■ Work instruction ■
The reply should hold only the lines from the one with "Postale Irish Boy" to the one with "Vintage Storybook Black", both ends kept, exactly as they appear below, without any pictures.

■ Input records ■
*** Block opens ***

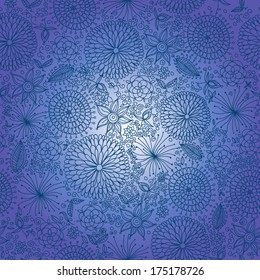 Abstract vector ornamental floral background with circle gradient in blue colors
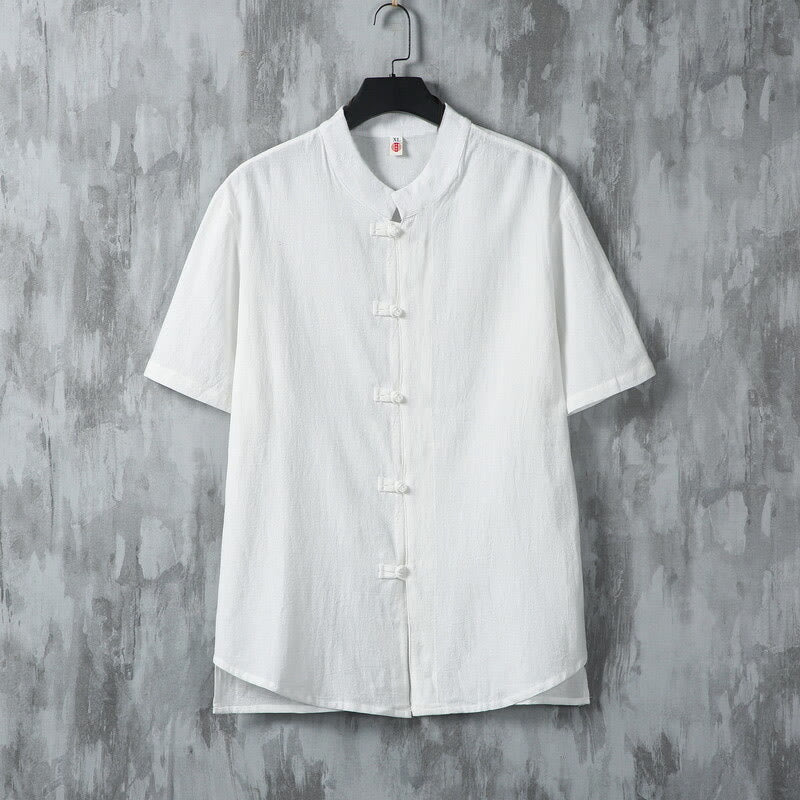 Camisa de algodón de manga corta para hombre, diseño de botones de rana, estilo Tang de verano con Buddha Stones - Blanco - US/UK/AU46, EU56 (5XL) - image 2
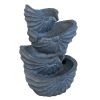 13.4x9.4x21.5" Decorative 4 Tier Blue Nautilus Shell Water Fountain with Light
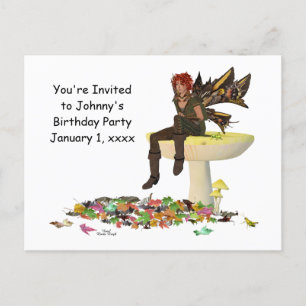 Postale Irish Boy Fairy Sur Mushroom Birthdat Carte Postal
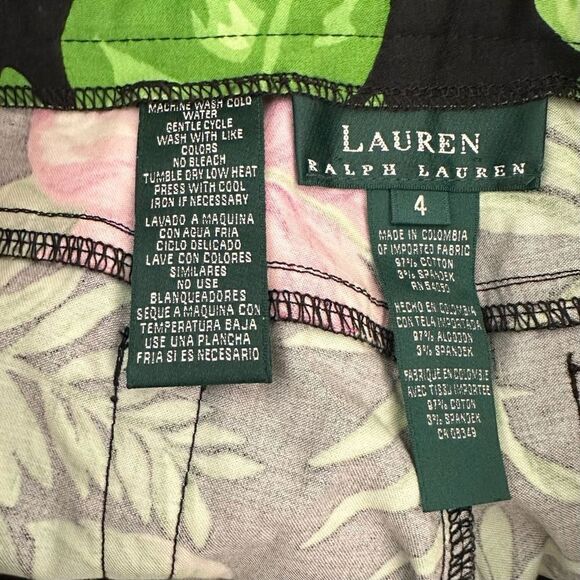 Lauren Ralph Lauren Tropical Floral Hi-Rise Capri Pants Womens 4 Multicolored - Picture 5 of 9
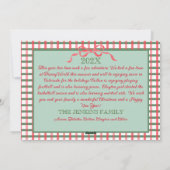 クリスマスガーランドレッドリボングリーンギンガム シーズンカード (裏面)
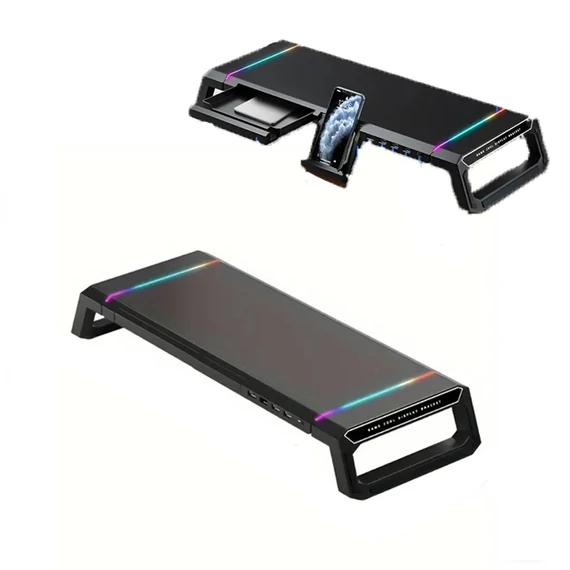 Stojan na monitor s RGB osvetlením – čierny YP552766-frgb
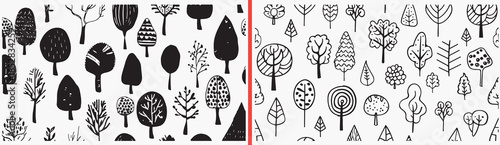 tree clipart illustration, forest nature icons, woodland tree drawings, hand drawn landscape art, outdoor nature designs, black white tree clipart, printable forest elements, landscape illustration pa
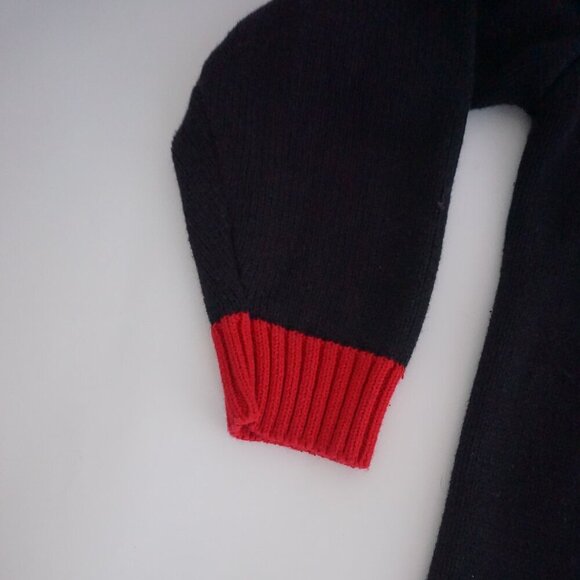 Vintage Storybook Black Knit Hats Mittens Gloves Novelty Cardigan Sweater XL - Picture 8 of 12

*** Block closes ***
*** Block opens ***

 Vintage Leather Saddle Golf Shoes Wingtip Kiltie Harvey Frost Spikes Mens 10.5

*** Block closes ***
*** Block opens ***

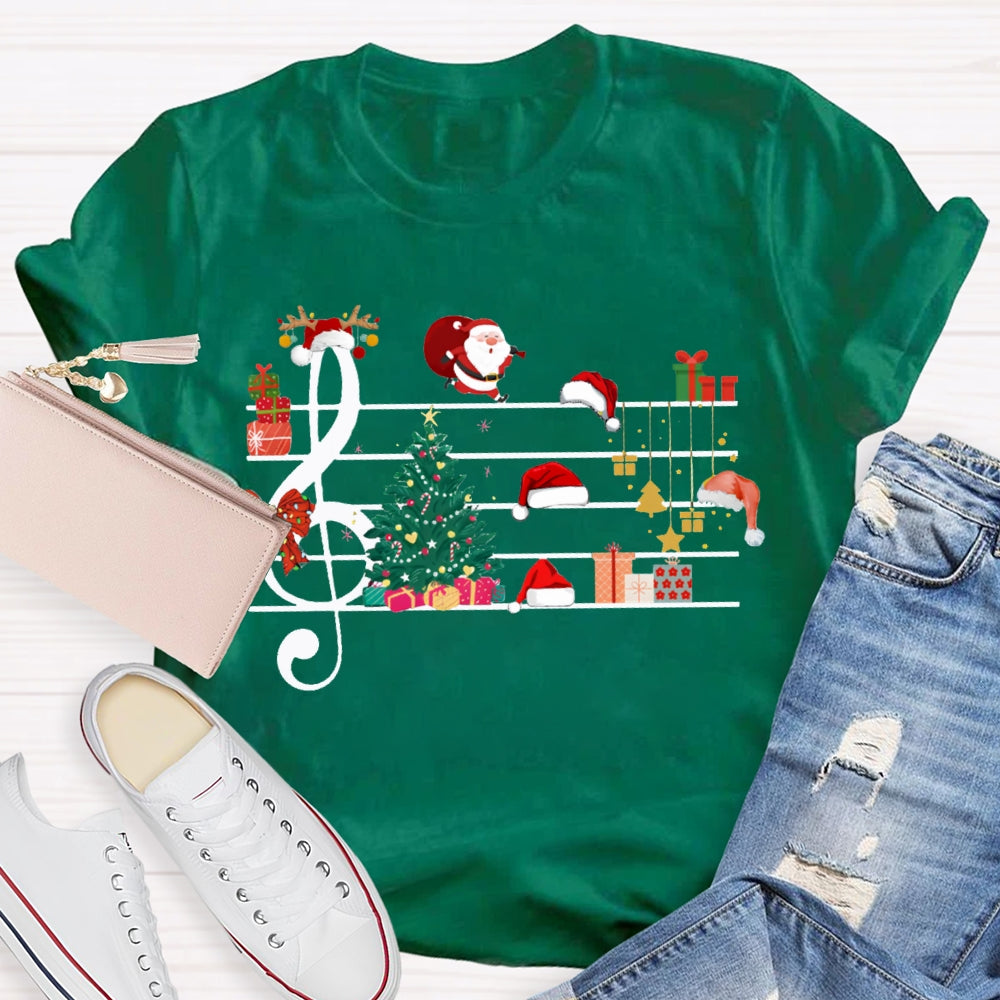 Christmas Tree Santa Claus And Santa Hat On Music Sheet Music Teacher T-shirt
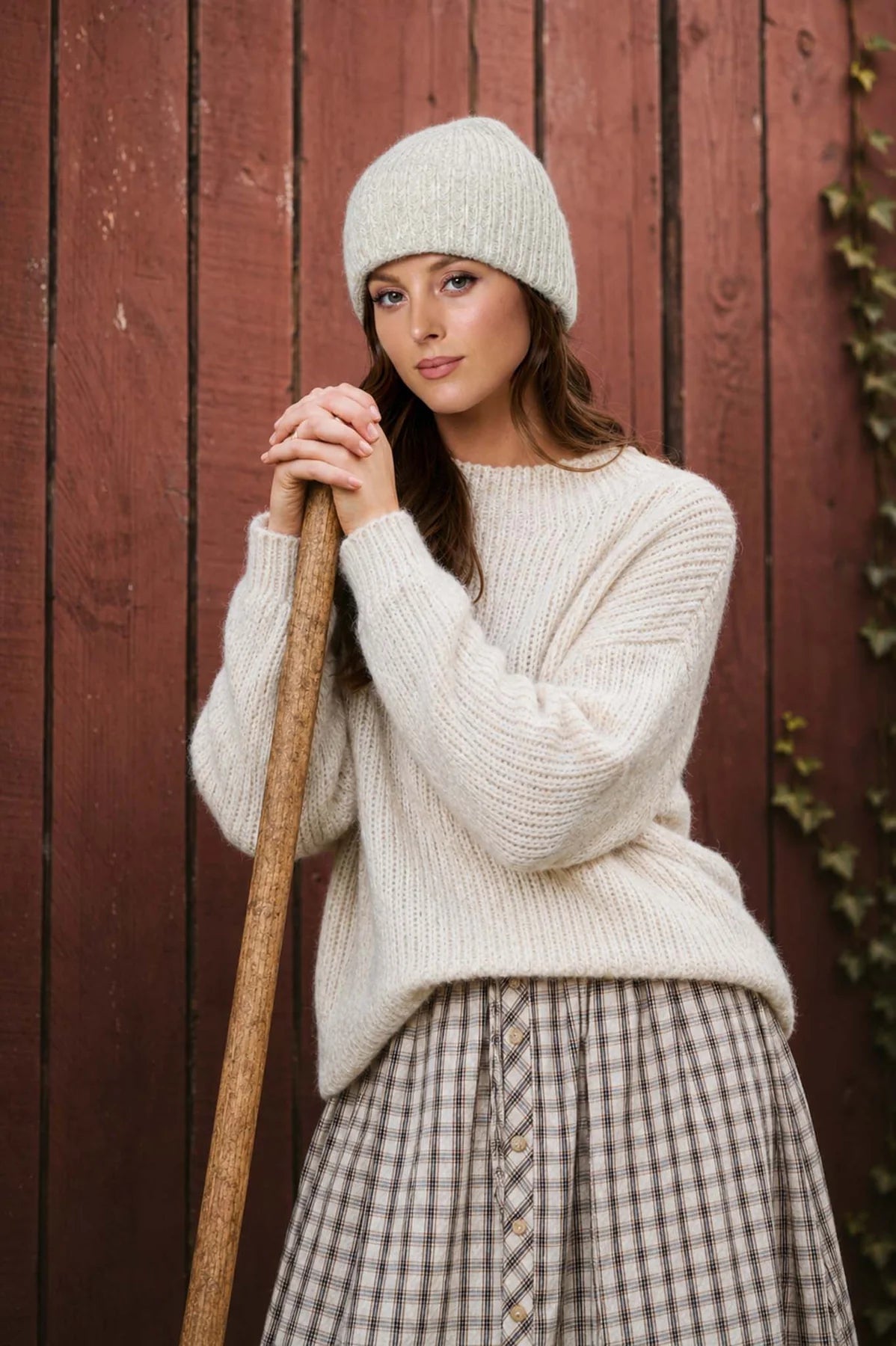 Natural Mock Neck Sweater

*** Block closes ***

■ Answer below ■
 Postale Irish Boy Fairy Sur Mushroom Birthdat Carte Postal
 Lauren Ralph Lauren Tropical Floral Hi-Rise Capri Pants Womens 4 Multicolored - Picture 5 of 9
 クリスマスガーランドレッドリボングリーンギンガム シーズンカード (裏面)
 Stojan na monitor s RGB osvetlením – čierny YP552766-frgb
 tree clipart illustration, forest nature icons, woodland tree drawings, hand drawn landscape art, outdoor nature designs, black white tree clipart, printable forest elements, landscape illustration pa
 Vintage Storybook Black Knit Hats Mittens Gloves Novelty Cardigan Sweater XL - Picture 8 of 12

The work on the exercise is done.